Continental Development Holding (CDH) has a goal to build 500 units of affordable housing in South Florida by 2024, particularly in the areas of Fort Lauderdale and Dania Beach.
The five units inaugurated on Monday have been capped with rent limits, and the idea is to help people spend no more than 30 to 35 percent of their monthly income just on rent.
"Under construction, we have already 10 more units within this same neighborhood," said CEO and a partner at CDH Juan Jurado. "What we want to try to make here, is [to] ensure that people that have lived within this community for generations are able to continue to stay here."
More than half of renters that are cost-burdened in Broward County spend more than 50 percent of their monthly income on rent alone, according to the Broward County Affordable Housing Needs Assessment. The report was compiled for the county this past summer by the Florida International University Metropolitan Center, using data from 2018.
County Commissioner Nan Rich was also at the ribbon cutting for the new homes.
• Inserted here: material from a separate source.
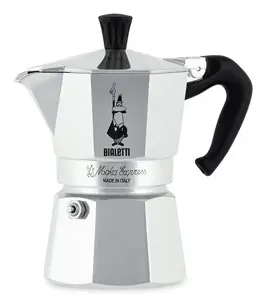 "Bialetti Moka Express" Moka puodas 0,06 l, aliuminis, juodas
She's been a champion of affordable housing on the county commission, and said it's a good start to help address the county's affordable housing crisis.
"We need over 100,000 multi-family units right now in Broward County to be built," Rich said. "So, we need more developers, builders who are willing to... take a chance, so-to-speak, on this."
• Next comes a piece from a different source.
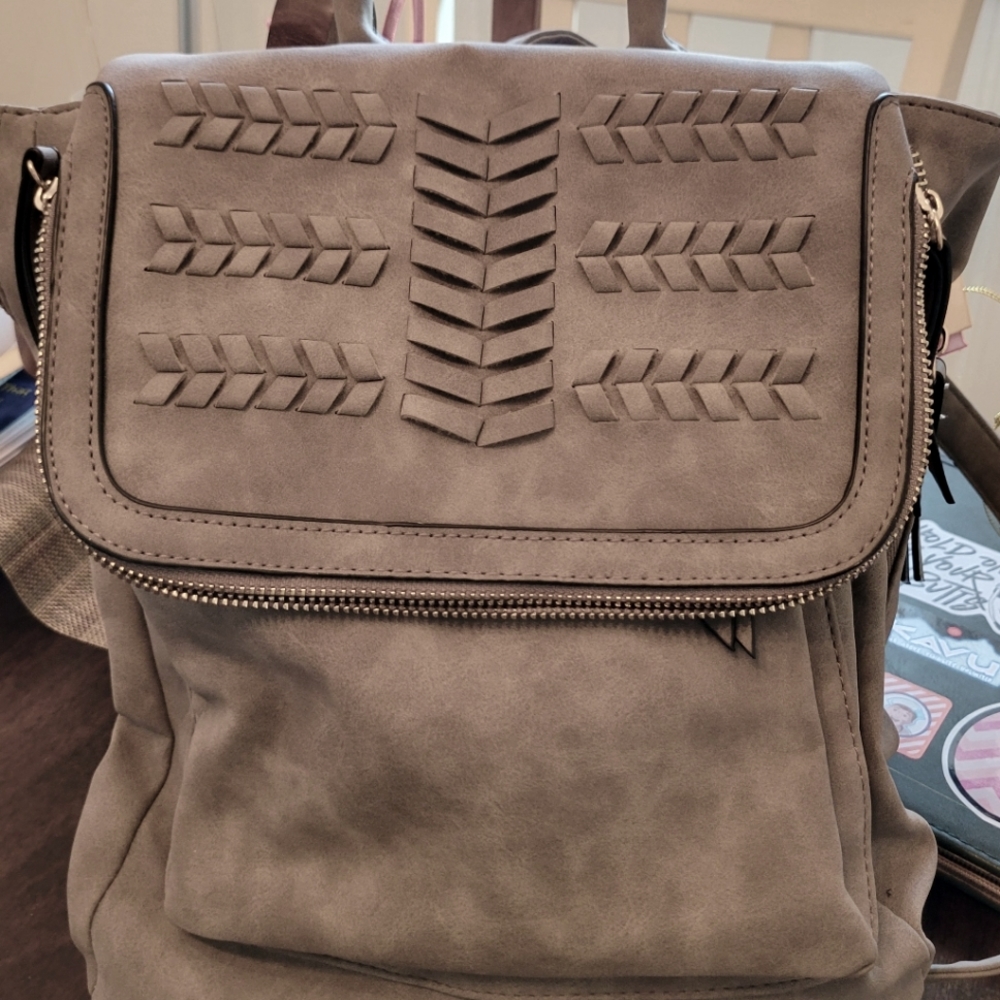 Brand New Violet Rose Gray Backpack*INACTIVE, IN STORAGE*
Retiree Beatrice Bray, 68, is moving into one of the CDH's five houses in Sistrunk in January with her son, daughter-in-law and grandchildren. It's three-bedroom, two-bathroom house with a garage for just under $2,000 a month. (The average two-bedroom apartment in Fort Lauderdale rents for $1,902 per month.)
Bray said she saw the listing for rent on Gosection8.com, and on the housing site, Trulia. She currently lives in the Sistrunk neighborhood, and she'd been looking for a new place for her family to live in the same area since about August.
"We were just talking about how having a yard in the back would be so important and having your own little space, instead of being in an apartment," Bray said. "It went so smoothly."